7. Compliance, Governance & Legal Analytics Perspective

This project sits at the intersection of Legal Strategy, Data Governance, and AI Compliance. Running the Qwen2.5 model entirely offline was not a technical whim—it was a deliberate architectural decision to keep sensitive petition data under the company's full control, aligned with both LGPD (Brazil's data protection law) and GDPR principles. No claimant names, procedural identifiers, or case specifics ever left the local environment.

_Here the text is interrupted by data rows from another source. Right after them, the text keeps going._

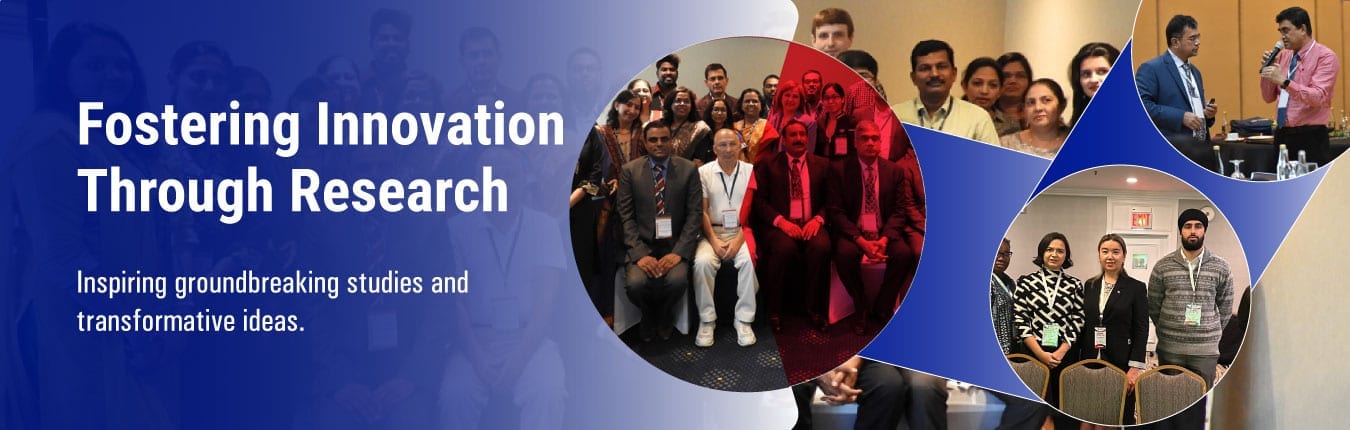 Science Net banner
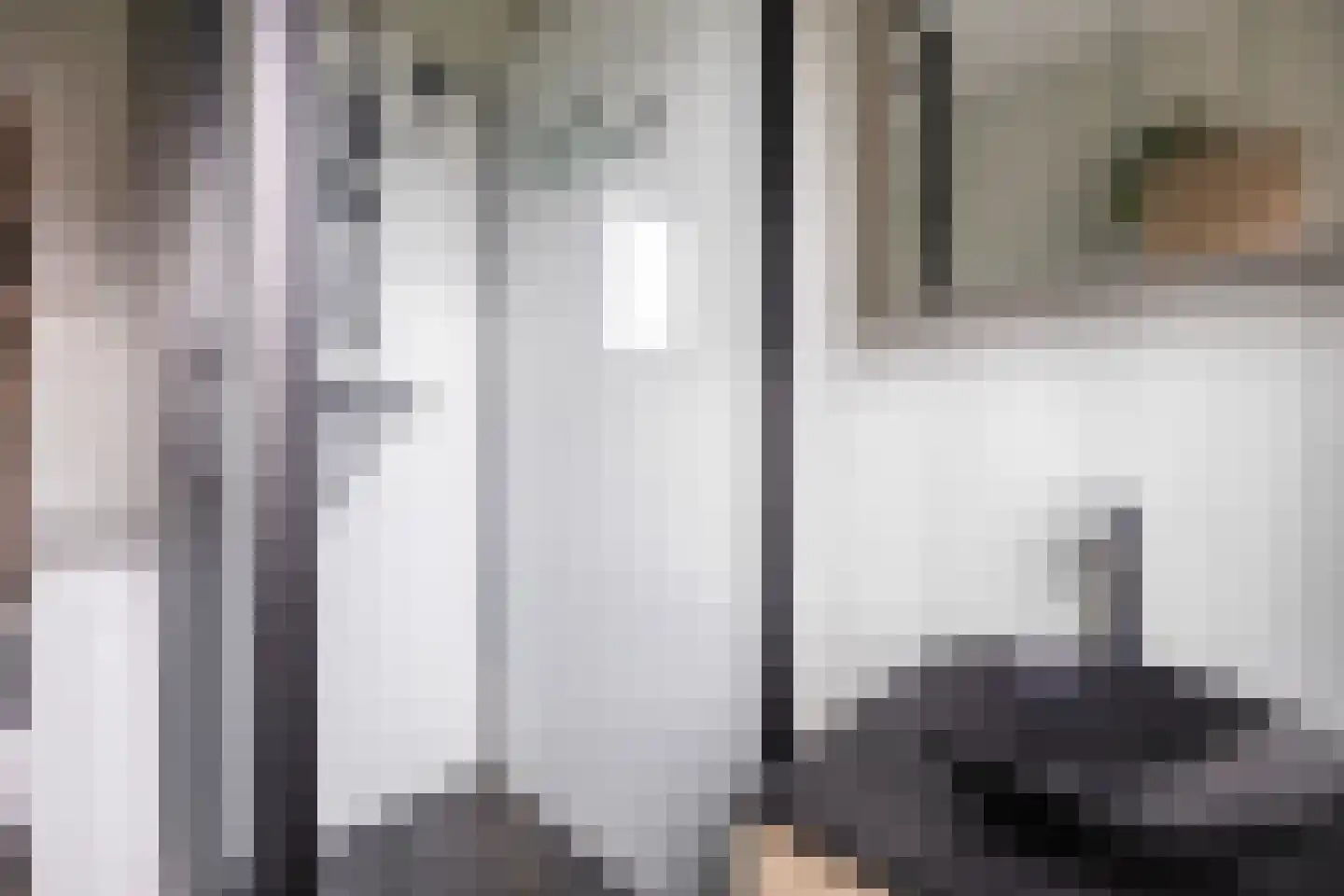 Pieter Nieuwlandstraat 85 BS Utrecht thumbnail 23
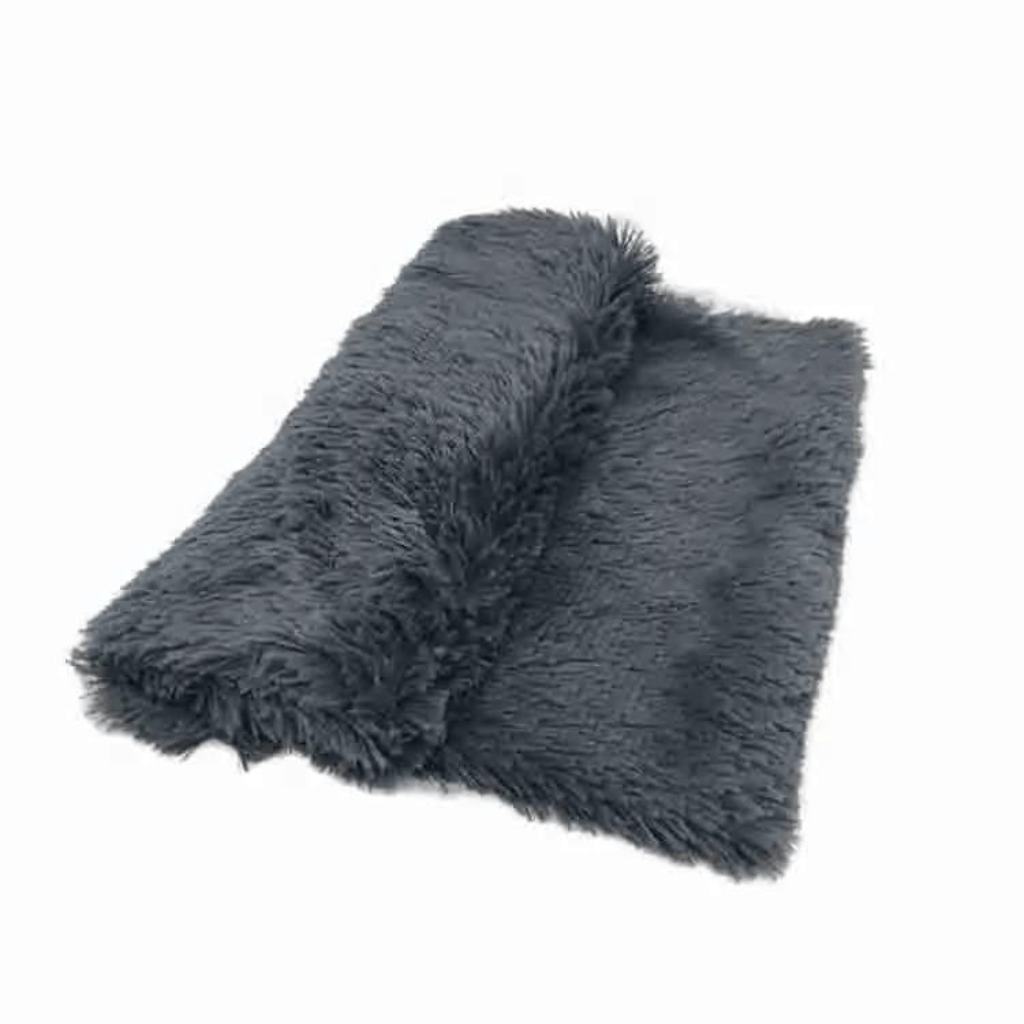 Matching Calming Blanket - Holly's Paws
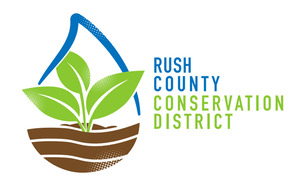 Rush County Conservation District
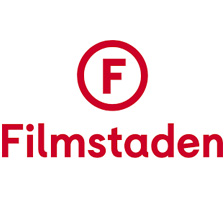 filmstaden-liten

Legal Analytics Note: This is an analytical interpretation designed for business decision support and does not constitute formal legal advice. However, maintaining a recurring 83% loss rate on hazard pay claims without structural intervention exposes governance gaps and fiduciary risk for senior management. The prescriptive contract framework demonstrated here illustrates how data-driven Legal Ops can proactively align employment practices with judicial reality, materially reducing litigation exposure before cases are even filed.

8. Data Quality & Analytical Limitations

The sample size of 17 rulings (65 claims) was deliberately small for this PoC, designed to validate the pipeline architecture rather than deliver statistically exhaustive conclusions. The model's predictive signals—particularly the witness testimony correlation—are directionally robust but would benefit from scaling to hundreds of cases for tighter confidence intervals. Additionally, the LLM extraction layer, while highly accurate for structured fields like claim types and amounts, requires periodic human validation for nuanced legal classifications that may evolve with case law. The current limitation lies in the model's scope: it covers a single CBO function at one regional court. Scaling this architecture to multiple roles across different TRT jurisdictions is the natural next step for enterprise-grade deployment.

9. Impact & Strategic Recommendations

With the analytical foundations validated, I delivered strategic guidelines that reshape how the legal department interfaces with business operations:

Proactive Contract Design

Shift from generic templates to data-informed contracts where every clause responds to a mapped judicial risk, eliminating structural liability at the source.

Evidence-Driven Settlements

Use the witness testimony probability trigger (24% → 75% loss swing) as a hard decision rule for immediate settlement authorization during the evidentiary phase.

Scalable AI Pipeline

The offline LLM extraction architecture is jurisdiction-agnostic and ready to scale across multiple CBOs, courts, and legal domains with minimal adaptation.

10. Conclusion

This project demonstrates the transformative power of uniting Law, Data, and AI. We started with obscure labor petitions, extracted structured data without violating LGPD/GDPR using a locally-hosted Qwen2.5 model, audited over BRL 1 million in financial risk on Power BI, and concluded with a Preventive Contract capable of shielding the employer before litigation even arises.

When organizations move from subjective legal guesswork to Strategic Jurimetrics, the legal department ceases to be a reactive cost center and begins to operate as a business intelligence partner that generates tangible savings for the corporation. This is the future of Corporate Law and Legal Ops—and it's already happening.